Yeah, this is further evidence for my completely insane pet theory:
The reason governments run the currency nearly universally without the economy collapsing isn't because they're better at it than at any other industry, or because currency uniquely requires government to take care of it.
It's because just about anything can be passable money, and work OK. Rocks, shiny metal, entries in a digital ledger, pieces of paper (with or without backing or government imprimatur). It's so easy, that only the very shittiest governments mess it up massively.
I wouldn't say they're "better at it". Unless by better you mean they wield a monopoly with the power to literally kill the competition. True that private industry has a hard time competing in that situation. It's also true that the death and mayhem of two world wars and others would not have been possible without a central banking system, so I guess they're also better at stealing capital in order to re-purpose it for the destruction of other capital. So yeah, they're "better" stewards of the currency.
The result of complete government management in most fields is total collapse: Agriculture, steel industry, you name it. So if all the monetary systems nearly everywhere are managed by governments, why aren't such disasters occurring?

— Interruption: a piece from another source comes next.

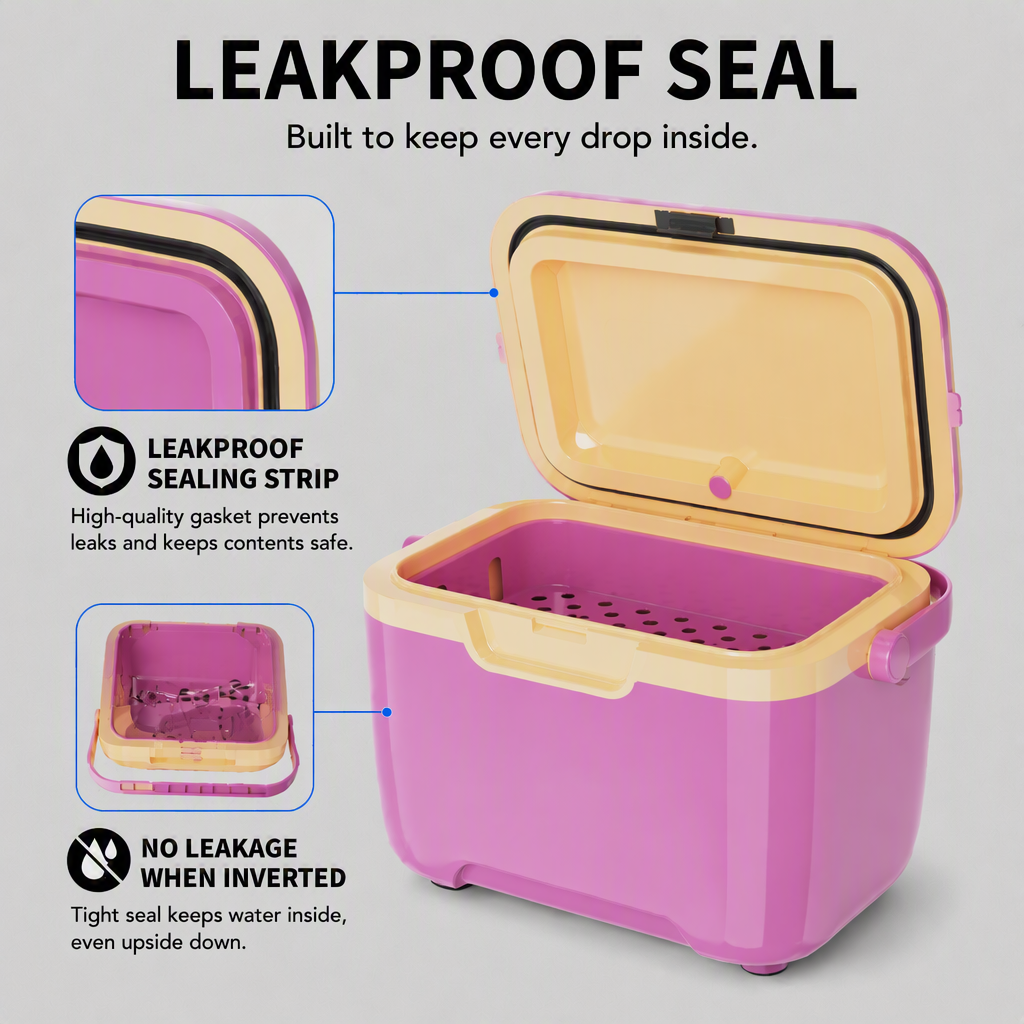 Bulk Order PP Double Deck Cooler Box Insulated Ice Chest Food Drink Storage Leakproof Lid Portable Handle Camping Picnic Fishing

There's three usual answers:
1. Government's actually acceptably good at some things, and this is one of them.
2. Monetary systems can only be done by government.
3. The current system is actually really bad, you just don't notice it because the effects are subtle.
But none of these are particularly satisfactory:
1. We actually don't see that in practice whenever we actually try privatization..
2. We have many counterexamples run by anything from pre-agricultural societies in the Pacific to Irish bars, no government involved.
3. We have inflation and somewhat weird currency behaviour, but frankly, considering central planning's track record elsewhere, I'd expect Weimar-style collapses every couple of decades at least.
So what gives? My answer is to flip the script: Monetary systems aren't these incredibly complicated things that only the TOP MEN can manage (the usual statist line), or that can only be run according to very strict rules (the usual monetarist and/or gold standard retort). Instead they're brain-dead simple things that humans figure out shortly after barter, and the only way to fuck them up is to try really hard (hyperinflation requires you to introduce new denominations every week, after all).
"one does not after all serve drink to someone for years without discovering something of his liquid resources."
But your patron probably has a better notion of your liquid resources. Is this the first time information asymmetry has favored the borrower over the banker?
Look,. its true that the Greeks and the Irish have some similarities - their both drunks for example - but the Irish are *hardworking* drunks wile the Greeks have a long history of sitting in a cafe all day and getting blitzed on ouzo instead.
IOW, the Irish had a long history of being able to trust each other to not screw each other over, while the Greeks have a long history of unions and government being in bed with each other to screw everyone else over. There's no way that the average Greek would trust his *brother* with a loan during a hard downturn with not banking, let alone the rest of the population.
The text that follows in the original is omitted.